やって後悔したときの方が辛い。
「おいコラ! 待て!」
「っはぁ、っはぁ……っ!」
神妙な雰囲気の夜。退廃的時代の風潮として残ったビルに向かって息を切らして走る。別にそこに何かあるわけじゃない。狭い視界が偶然そこを見つけた、ただそれだけ。
諸事情により、多少のことに構っていられる状況じゃなかった。俺は廃ビルへの行く手を阻む「安全第一」と書かれた腰ほどのバリケードを思いっきり蹴飛ばし、中に侵入する。

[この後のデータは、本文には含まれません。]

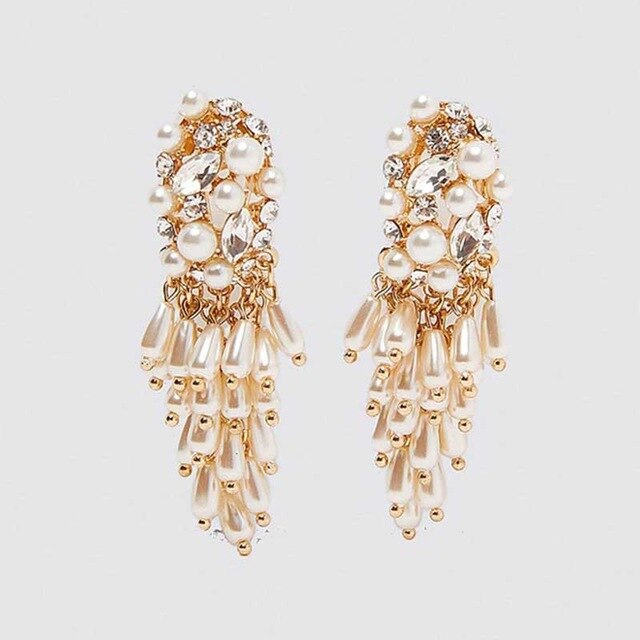 JJFOUCS Bohemian Za Fashion Sun Flower Drop Earrings For Women Party Shiny Crystal Statement Earrings Wedding Girls Jewelry Gift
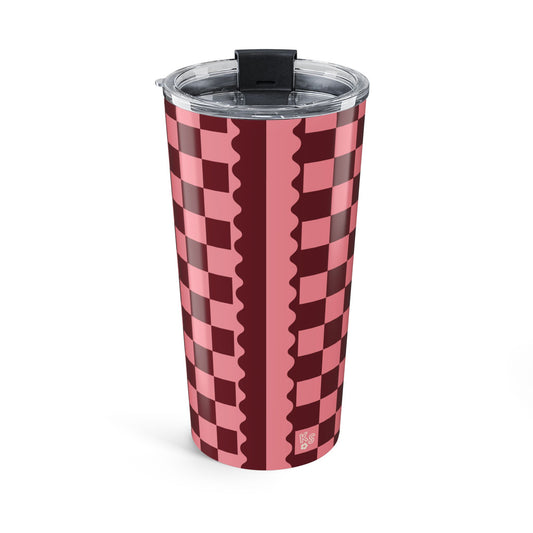 Checkered Rose-Burgundy Tumbler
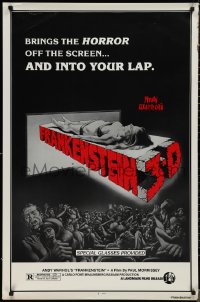 1r0938 ANDY WARHOL'S FRANKENSTEIN 1sh R1980s cool 3D art of near-naked girl coming off screen!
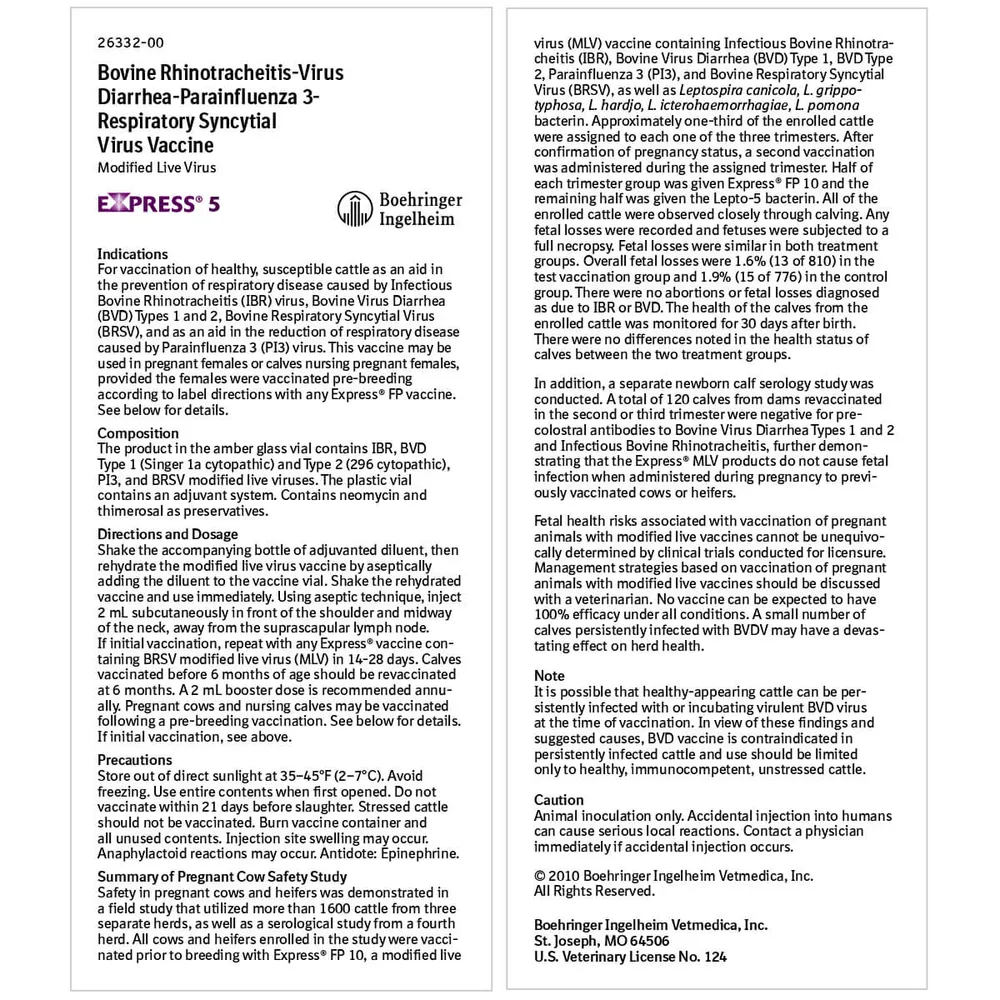 Boehringer Ingelheim Express 5 Cattle Vaccine - Image 2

外観から大概だったが、廃墟と化したビルは塗装が剥がれ、今にも崩れそうにしていた。
見捨てられてから相当の時間経ったのだろう。静かな世界にコンクリートを突く音は、まるで波紋のように反響して――ネオン街じゃ感じることのない空気感の中、俺は大きく息を零した。
「っはぁー……焦った~」
俺はレジ袋に包まれた缶ビールを眺めながら安堵に浸る。
ツーアウトと言った所か……いや、普通に犯罪なんだよな。
子供の頃、万引きなんてやる人間は、貧乏でクズな人だけだと思っていた。まぁ実際そうだけど、やってる人の中にはそれ以上の代え難いあの感覚を目当てにやってる人も多いんじゃないかって思えた。それは全身に溜まった腐敗物が一気に流れていくような爽快感――生きた心地だ。なぜこんな感覚に陥ってしまったのか、初めて物を取ったあの日を思い出してもよく分からない。

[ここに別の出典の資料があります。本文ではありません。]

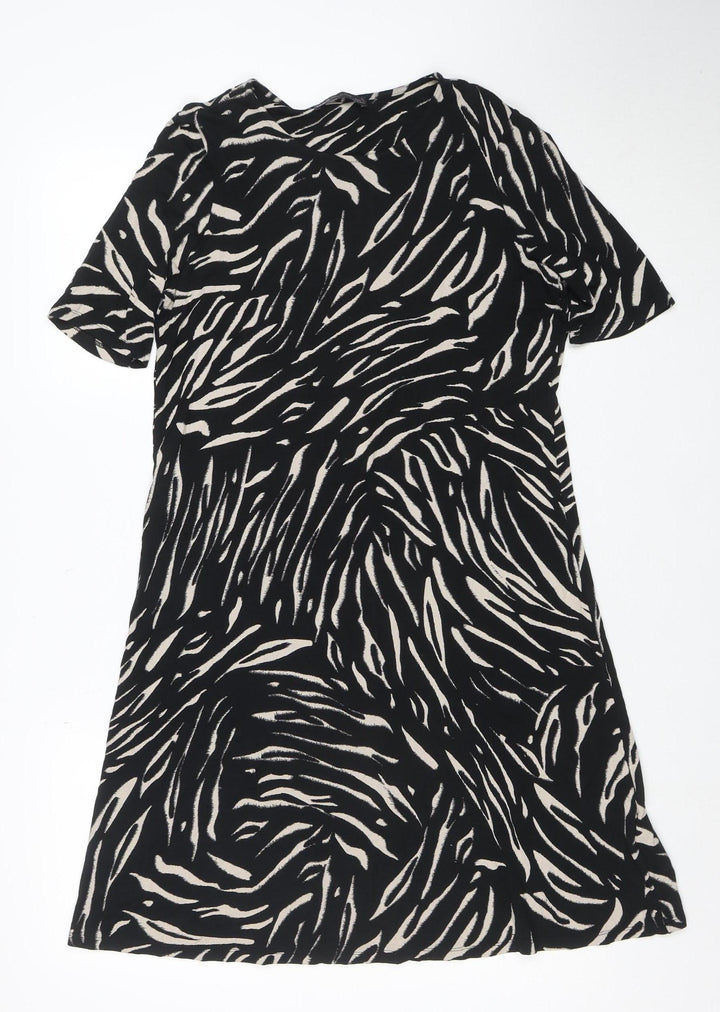 Marks and Spencer Women’s Black Animal Print Shift Dress Size 12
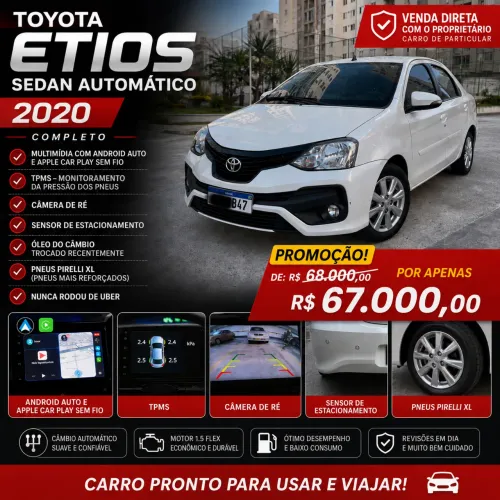 Toyota Etios X Plus Sedan 1.5 Flex 16V 4P Aut. 2020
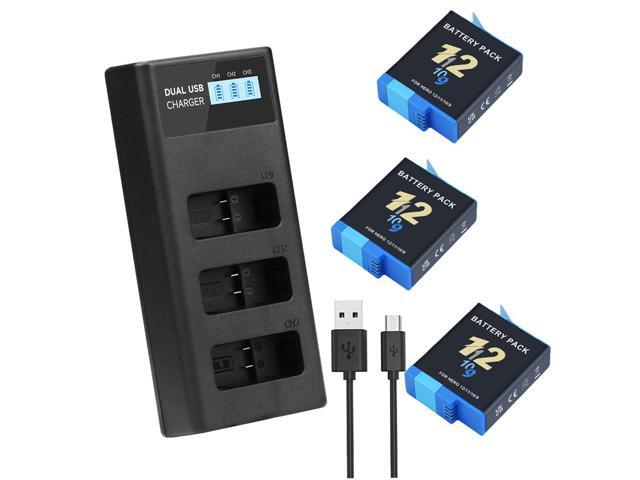 CITYORK 3 Pack Rechargeable Battery 2000mAh Replacement with 3-Slot Storage USB Charger for GoPro Hero 12 Black Hero 11 Black Hero 10 Black Hero 9...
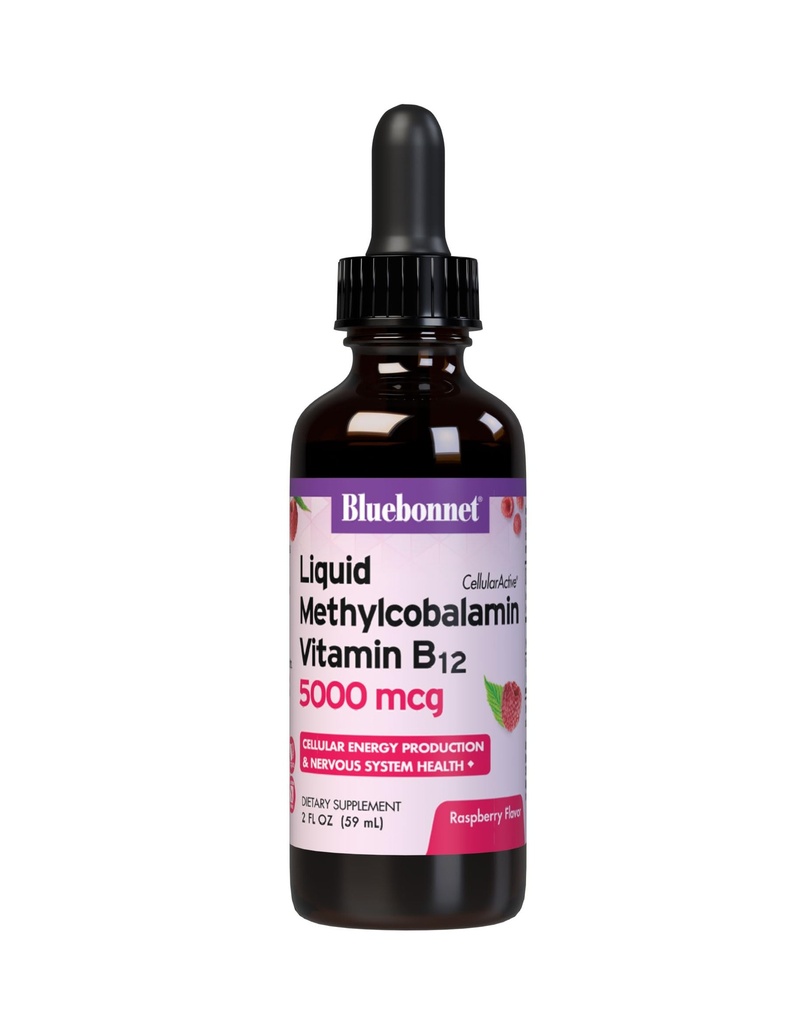 Bluebonnet lichid metilcobalamină Vitamina B12 5000 mcg Coenzimă activă Forma de vitamina B 12 picături lichide Suplimentul de energie pentru femei și bărbați - Vegan, gluten-free - Aroma de zmeură - 2 Fl Oz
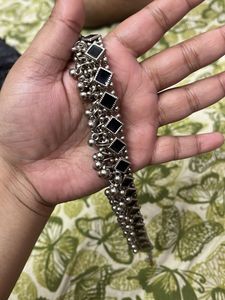 Silver Oxidized Choker Necklace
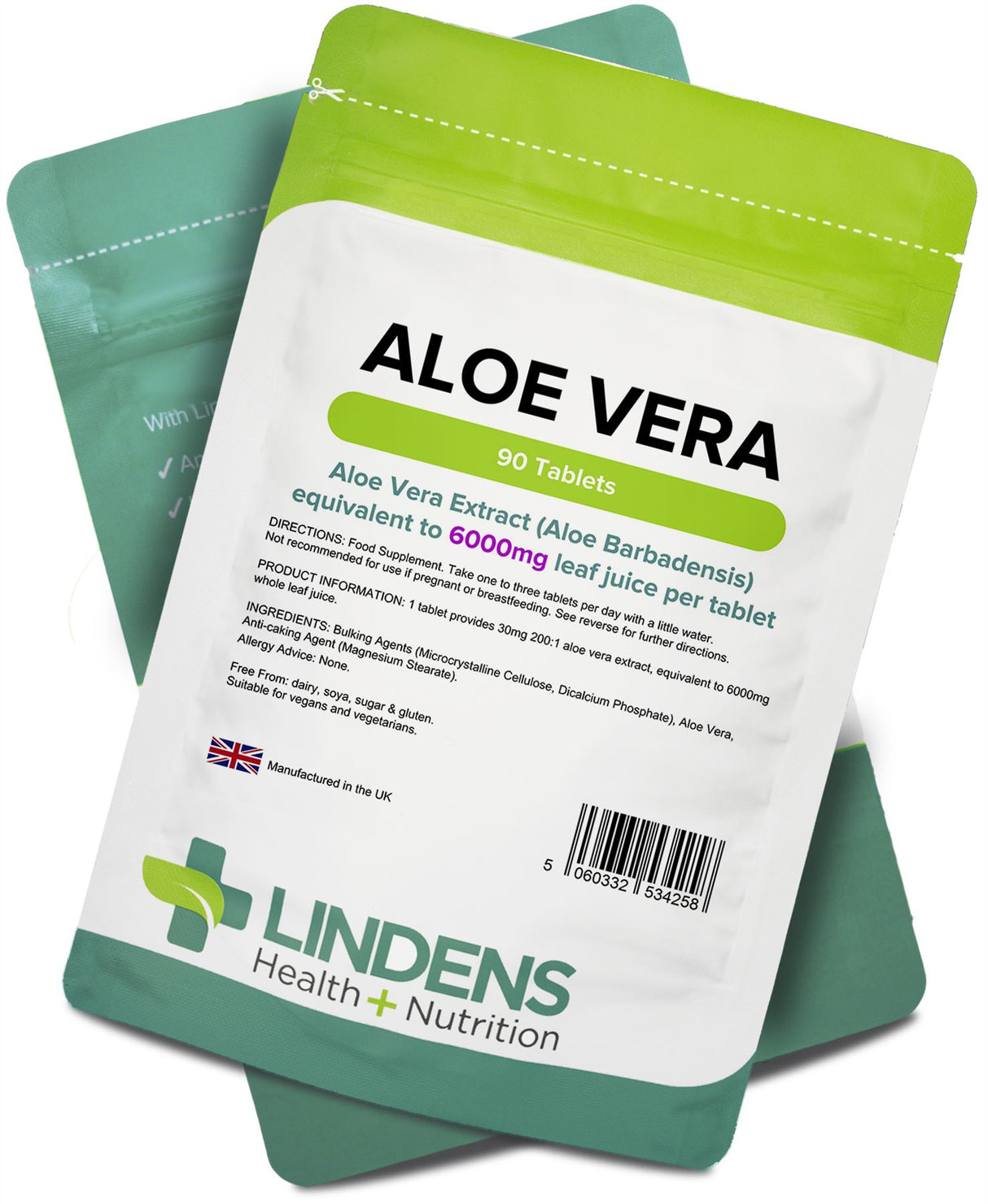 Lindens Aloe Vera 6000mg - 90 Tablets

俺の溜息はここまで来てしまった後悔故なのか、それとも逃げ切れた事による爽快感故なのか――どっちにしたって俺が終わってる事には変わらないけど。
……どっちにしたってって……何やってんだろ……。
ペンローズの階段のような哲学的、天文的に無限に続く階段。廃ビルに聳えるそれを見て、俺は衝動的に足を掛けていた。
ただ、その衝動性は生まれながらのものじゃない。この一ヶ月を通して身についた衝動性だ。それは時に狂気的と思うし、時にクールとも思う。ただ今回は、自分に落胆したのが一番の原因だ。

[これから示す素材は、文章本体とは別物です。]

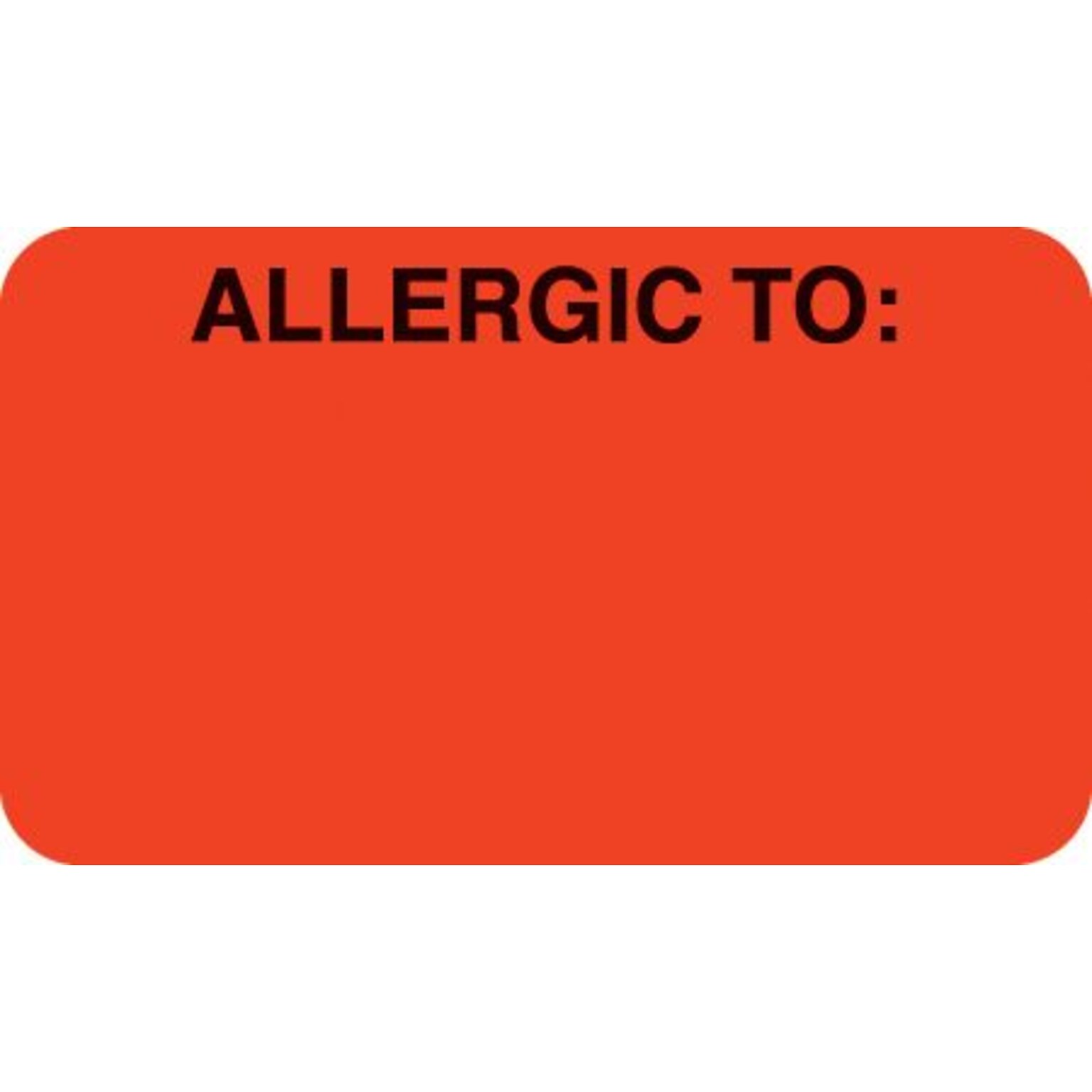 Allergy Warning Medical Labels, Allergic To:, Fluorescent Red, 7/8x1-1/2, 500 Labels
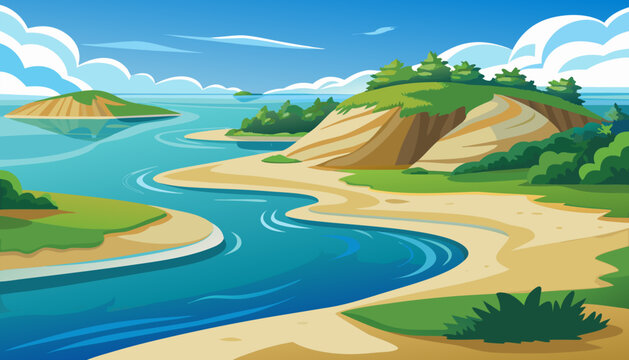 Vibrant illustration of a serene coastal landscape with rolling hills and calm blue water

代わり映えのない景色。それでも、瓦礫の木漏れ日から見える月は、階段を上るごとに確実に大きくなっている。
俺は壁に手を擦りつけながら上り――ほどなくして上る足を止め、ひたすら続く廃ビルの天井を眺めては、悦に浸り、鬱に侵される。
「……なんでこんな目にあってんだっけ……」
「……こんな目って何だっけ?」
「……永久の輪廻からの解脱?」
これはきっと一人で尚かつ深夜のせいだ。「ぶつぶつ」と一人事を呟きながらも階段を上り、上った挙句、俺は屋上にたどり着いていた。
屋上の景色は汚かった。
……別に期待してたわけじゃないけど……。
夏祭りの終わりのような風は寂しさを運び、ビニール袋を「くしゃくしゃ」と鳴らす。
俺は思い出したように袋からビールを取り出し、躊躇なく口に運んだ。
味覚を刺激する苦味に、吟味する間も無く速攻でビールを吐いてしまう。口に残る苦味と床に垂れるビールだった泥水。もう酔ってしまったか、途方も無く自分が情けなくなる。
中学のある日、一言の誉め言葉を妄信した。これは俺が悪いのか、世界が悪いのか。それでも、高校に入って現実を知った。皆否定から入るような、現実主義者だった。その気もないのに、俺はその輪に溶け込んで――。
たった一言褒められただけ、なのに。俺にとってこれは呪いのようだった。
昔、今なお引きずっている俺を見て、聞いてアイツはどう思っていたのだろう――。
……声優になりたかったな……。
馬鹿にされると危惧して隠し続けた夢だった。そんな夢を忘れ、燻ぶれ、腐敗した思いだけが、この一ヶ月を暴走している――そんな自分が夢を隠す以上に恥ずかしく思えた。
「普通に馬鹿じゃん……」
もう、自分にこれ以上いい訳もしたくなくて――俺は屋上から飛び降りた。
「ってぇ……」
カーテンを開けっぱなしで寝ていたせいで太陽の光で俺は目を覚ます。体を起き上がらせ、眠い目を擦り、そして俺は手元に転がったスマホを付けた。
七月一日午前十一時……また戻ったか。
静寂の中、ズキズキと犇めく頭を抑えながら俺は昨日の事を思い出す。これは深い眠り故か神経がまだあのときの痛覚を引きずっているからなのか――。
……そうだ、俺飛び降りたんだっけ……。
……学校行くか。
執筆の狙い
展開として最初から「?」が多く、だいぶ雰囲気に重点を置いているのですが、これでいいのか、かなり不安です。アドバイス願います。
これでもけっこう削ったのですが、「これ余計かも」というのがあれば教えてください。